--- The data ---

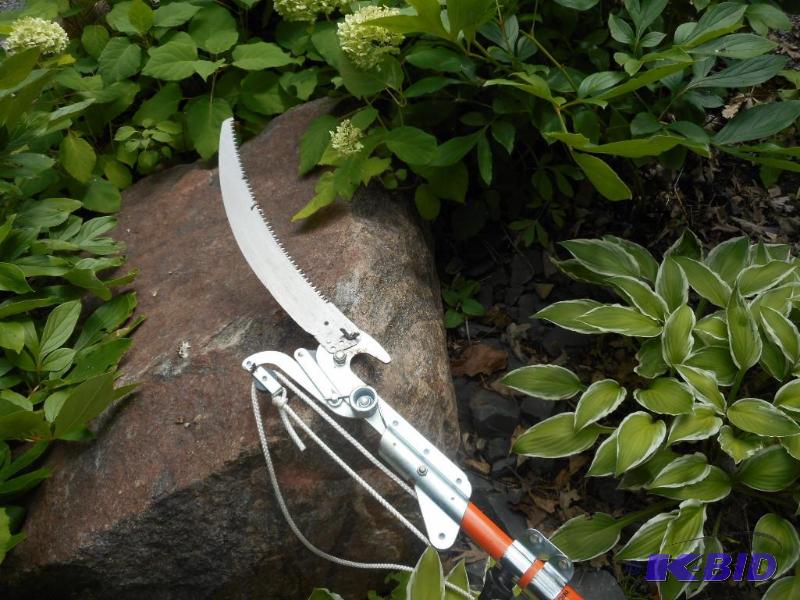 lot 145 image: Pole Tree Trimmer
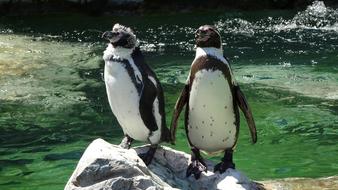 Penguin Zoo Schönbrunn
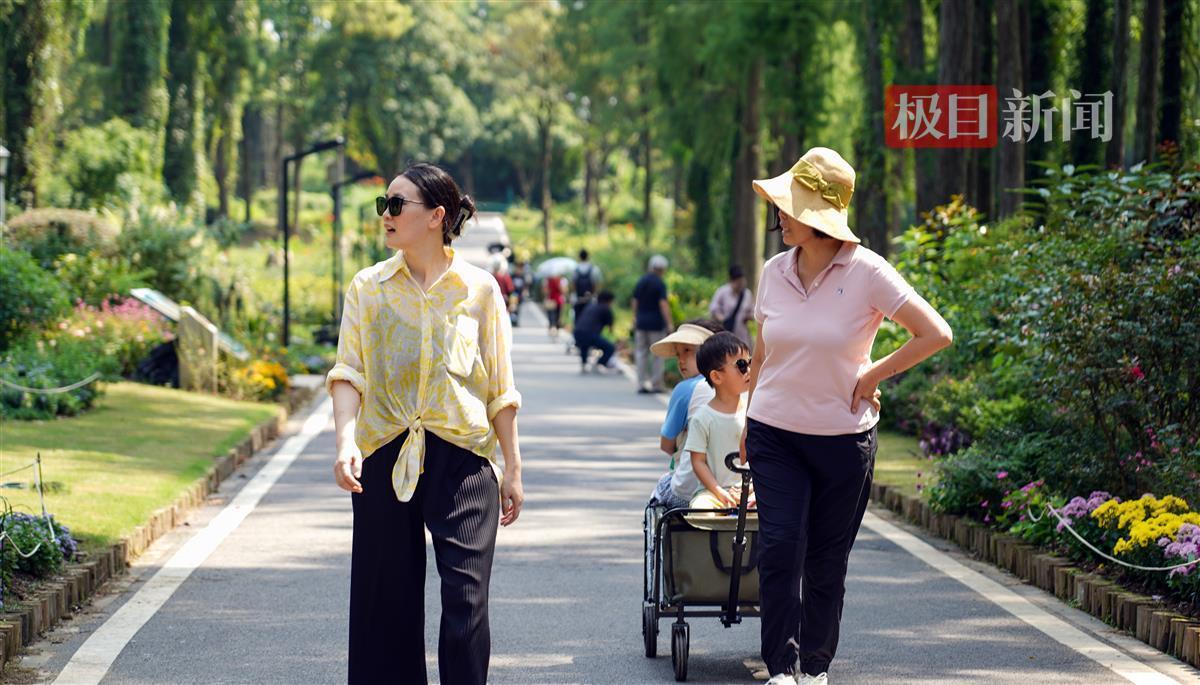 连环夺宝奖金级别图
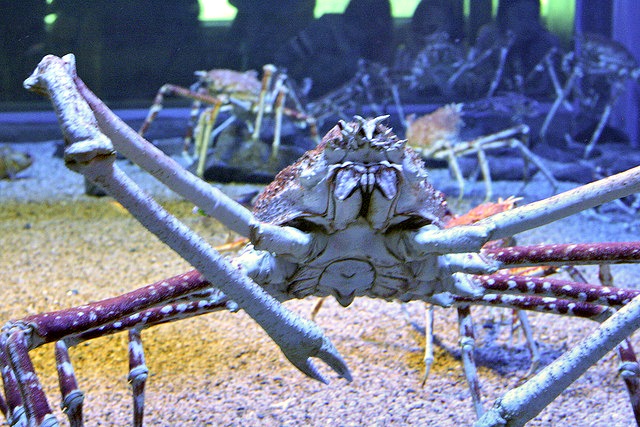 Giant spider crab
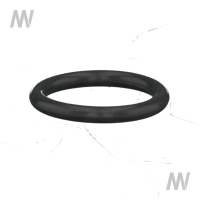 O-ring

---

If an entry contains a picture, leave it out and repeat the rest exactly.

 lot 145 image: Pole Tree Trimmer
 Penguin Zoo Schönbrunn
 连环夺宝奖金级别图
 Giant spider crab
 O-ring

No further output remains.